[What the task requires]
Although the entries contain pictures, write out only their text, exactly as it stands.

[Data extracted from a collection]
====================
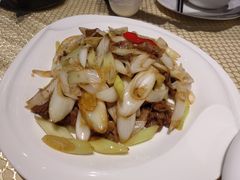 葱炒牛肉-巴扎美食·新疆菜·西域歌舞表演餐厅(新疆大厦店)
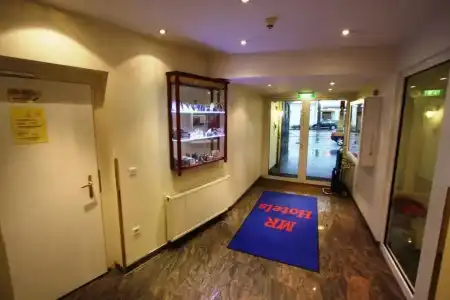 SUITE 900m ZUR OPER - 31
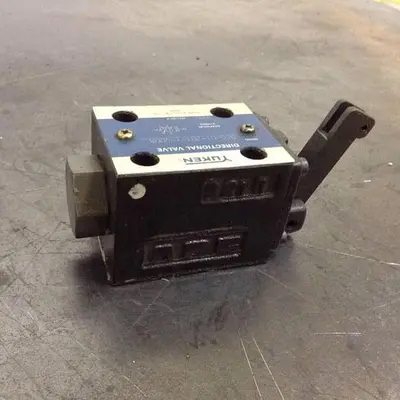 USED YUKEN DCG012B3Y4008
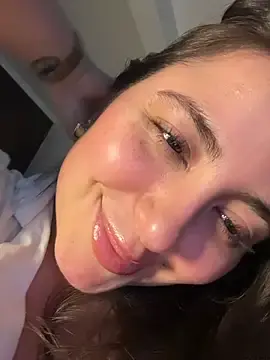 Stripchat Free Live Porn of sukhakunis1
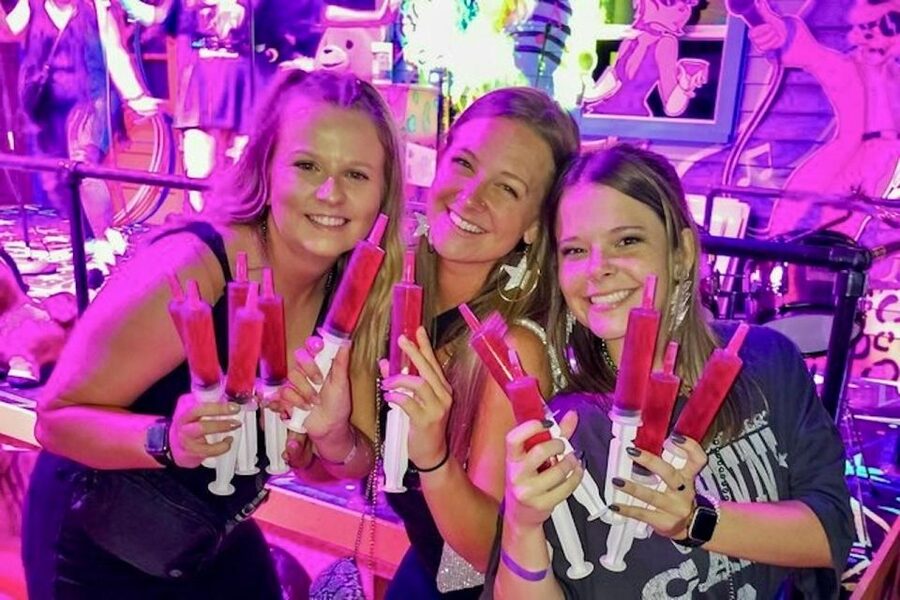 Nashville: Exclusive Entry and Special Offers VIP Bar Crawl - Key points to know before booking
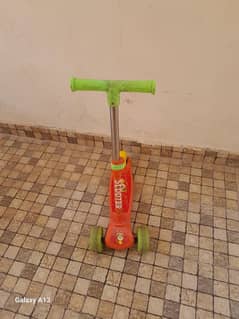 Kids scooty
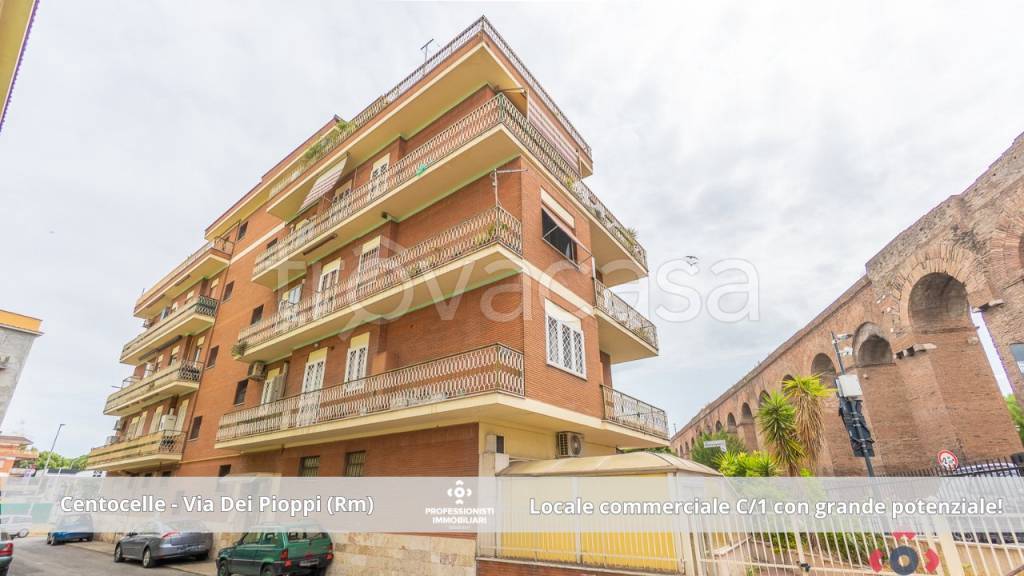 negozio in vendita a Roma in zona Prenestino-Centocelle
====================
[Response to the task]
 葱炒牛肉-巴扎美食·新疆菜·西域歌舞表演餐厅(新疆大厦店)
 SUITE 900m ZUR OPER - 31
 USED YUKEN DCG012B3Y4008
 Stripchat Free Live Porn of sukhakunis1
 Nashville: Exclusive Entry and Special Offers VIP Bar Crawl - Key points to know before booking
 Kids scooty
 negozio in vendita a Roma in zona Prenestino-Centocelle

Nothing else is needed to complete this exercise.